Tioga VFD training on animal response

Tioga VFD training on animal response
Members of the Tioga Volunteer Fire Department surround the Denton County Animal ER staff who trained them on how to help save family pets in the case of house fires and other traumatic events on April 21. Photo Courtesy of Tioga VFD

If something catastrophic such as a fire happens to a family, the Tioga Volunteer Fire Department wants to try to help keep the loss of a pet from adding to that pain.

That’s why the TVFD invited the Denton County Animal ER out on April 21 for specialized training about animal basic life support care and CPR.

“For about two years, we’ve been searching for somebody to come in [to do the training],” Chief Rick Hartman said. “… With everybody having pets, and pets being more and more family members—now more than ever—we wanted to be able to find a way, if we have an opportunity to help, to try to help.”

The staff of the Denton County Animal ER provided a roughly three-hour training to help the firefi ghters understand how to handle treatment for a “four-legged family member” in the case of a catastrophic event.

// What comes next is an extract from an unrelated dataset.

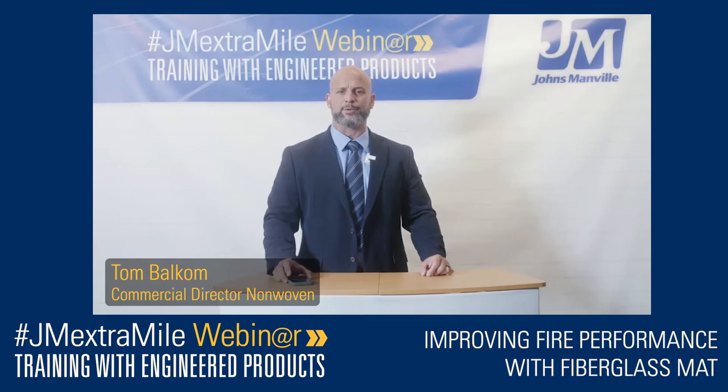Welcome, everyone out there, to Improving Fire Performance with Fiberglass Mat, part of our ongoing JM Engineered Products webinar series. My name is Tom Balkam, and I'm the Commercial Director of our Global Non-Wovens business.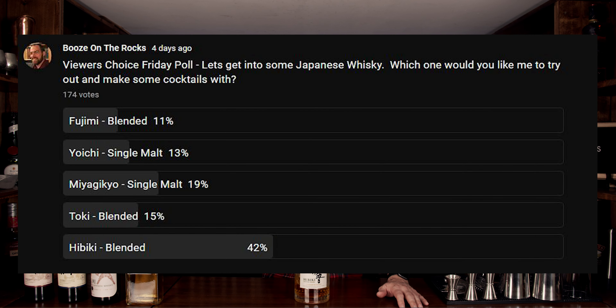I put up five different whiskeys for you, the viewer, to choose from. The first two are Miyagikyo and Yoichi — both single malt whiskeys. The next three are Fujimi, Toki, and Hibiki, each of which are blended whiskeys. The clear winner was Hibiki, taking 42% of the vote.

“What we learned is that dogs and cats and other four-legged family members, they can’t—their eyes don’t tear up or moisturize as quickly as humans’ do,” he said. “So, any type of smoke or irritant to the eye can actually dry out the eye and cause it to go blind later on.”

Something to counteract that is part of the animal BLS kits the ER helped the department assemble.

The ER also provided a special kit for the K9 Joga and her handler Officer Kevin Whitley in case she has an emergency.

“We actually built a kit for our canine officer to have that carries an oxygen mask for his dog along with a little O2 tank and a bulb syringe for suction and some drops, moisturizing drops, in case anything happens to our canine officer … so he can start care,” Hartman said.

The ER staff also informed the firefighters and Whitley that Texas “canine officers are allowed to be transported by ambulance” to an emergency vet because of the job the dogs perform.

“Allegiance EMS has confirmed that if anything happens to our canine officer that they would transport the canine officer to the most appropriate emergency vet,” Hartman said.

The training on April 21 focused on how to revive animals affected by smoke inhalation from a house fire or catastrophic storm damage, when the department would be called out for a human emergency.

Firefighters worked on a “simulated canine,” Hartman said.

He said he found it “eyeopening how close everything that transfers from human CPR to animals.”

“It’s very, very close to the same,” Hartman said of working on resuscitating mammals. “A little bit different anatomy, but the basics are pretty much the same, and that was really surprising.”

The volunteer firefighters even had the chance to learn CPR procedures for some reptilian friends— turtles and snakes—as well. The Denton County Animal ER staff provided equipment, including topload transport cages and taught them “how to build our own little oxygen therapy chamber for the animal,” Hartman said.

“It’s just a fantastic addon to the services that we can provide to our citizens in the event of a fire,” Hartman said.